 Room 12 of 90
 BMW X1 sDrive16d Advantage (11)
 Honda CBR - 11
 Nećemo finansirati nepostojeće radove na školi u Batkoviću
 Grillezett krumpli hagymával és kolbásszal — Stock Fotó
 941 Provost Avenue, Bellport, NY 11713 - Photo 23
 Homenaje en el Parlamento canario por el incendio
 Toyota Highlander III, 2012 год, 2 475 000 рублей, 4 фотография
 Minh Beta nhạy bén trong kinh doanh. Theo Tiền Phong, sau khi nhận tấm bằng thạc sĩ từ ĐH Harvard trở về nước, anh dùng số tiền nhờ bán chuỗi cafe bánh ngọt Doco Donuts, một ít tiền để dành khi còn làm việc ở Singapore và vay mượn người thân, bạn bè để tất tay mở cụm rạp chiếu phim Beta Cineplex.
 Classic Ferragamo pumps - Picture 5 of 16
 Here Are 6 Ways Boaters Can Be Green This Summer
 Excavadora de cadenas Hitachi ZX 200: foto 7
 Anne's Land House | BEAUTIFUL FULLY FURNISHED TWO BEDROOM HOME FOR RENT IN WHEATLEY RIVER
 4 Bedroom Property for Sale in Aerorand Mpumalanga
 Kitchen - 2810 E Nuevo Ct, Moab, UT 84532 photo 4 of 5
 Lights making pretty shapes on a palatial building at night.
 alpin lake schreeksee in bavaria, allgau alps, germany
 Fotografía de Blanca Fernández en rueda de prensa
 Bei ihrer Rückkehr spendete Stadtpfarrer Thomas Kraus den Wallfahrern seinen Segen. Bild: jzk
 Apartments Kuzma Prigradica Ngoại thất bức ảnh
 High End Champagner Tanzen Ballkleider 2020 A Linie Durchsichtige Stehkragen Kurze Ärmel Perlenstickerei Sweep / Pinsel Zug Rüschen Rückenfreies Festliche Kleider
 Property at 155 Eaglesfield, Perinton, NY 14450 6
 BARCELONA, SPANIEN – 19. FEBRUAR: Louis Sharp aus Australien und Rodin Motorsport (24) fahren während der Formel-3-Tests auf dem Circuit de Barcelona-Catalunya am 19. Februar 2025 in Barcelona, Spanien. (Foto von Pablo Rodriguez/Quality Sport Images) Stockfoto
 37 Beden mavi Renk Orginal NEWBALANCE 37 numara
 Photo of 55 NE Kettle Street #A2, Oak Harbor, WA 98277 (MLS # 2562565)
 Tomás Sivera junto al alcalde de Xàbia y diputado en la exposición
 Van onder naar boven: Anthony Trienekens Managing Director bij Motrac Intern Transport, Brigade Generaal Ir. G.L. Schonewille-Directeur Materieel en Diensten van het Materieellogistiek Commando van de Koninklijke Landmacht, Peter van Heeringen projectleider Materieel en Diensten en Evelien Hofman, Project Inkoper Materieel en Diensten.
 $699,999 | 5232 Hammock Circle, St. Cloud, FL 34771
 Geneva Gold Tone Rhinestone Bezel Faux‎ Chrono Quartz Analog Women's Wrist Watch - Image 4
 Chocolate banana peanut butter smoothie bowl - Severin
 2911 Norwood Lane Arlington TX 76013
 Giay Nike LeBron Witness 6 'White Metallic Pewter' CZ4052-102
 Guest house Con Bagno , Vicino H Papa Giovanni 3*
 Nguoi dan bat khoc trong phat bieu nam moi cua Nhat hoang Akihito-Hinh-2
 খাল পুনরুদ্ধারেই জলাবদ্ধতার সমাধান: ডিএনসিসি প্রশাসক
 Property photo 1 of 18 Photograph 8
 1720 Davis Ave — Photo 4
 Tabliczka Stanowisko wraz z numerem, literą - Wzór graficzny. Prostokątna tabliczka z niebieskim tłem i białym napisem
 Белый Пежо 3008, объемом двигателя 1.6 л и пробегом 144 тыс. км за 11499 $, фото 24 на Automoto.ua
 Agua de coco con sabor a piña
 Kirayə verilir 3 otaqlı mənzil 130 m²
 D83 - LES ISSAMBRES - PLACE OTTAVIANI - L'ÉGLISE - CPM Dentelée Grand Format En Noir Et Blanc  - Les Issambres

*Description of the task*:
Retype only the lines above between the line with "খাল পুনরুদ্ধারেই জলাবদ্ধতার" and the line with "Agua de coco con sabor a piña", counting those two lines as well, and keep every character as it is.

*Task output*:
 খাল পুনরুদ্ধারেই জলাবদ্ধতার সমাধান: ডিএনসিসি প্রশাসক
 Property photo 1 of 18 Photograph 8
 1720 Davis Ave — Photo 4
 Tabliczka Stanowisko wraz z numerem, literą - Wzór graficzny. Prostokątna tabliczka z niebieskim tłem i białym napisem
 Белый Пежо 3008, объемом двигателя 1.6 л и пробегом 144 тыс. км за 11499 $, фото 24 на Automoto.ua
 Agua de coco con sabor a piña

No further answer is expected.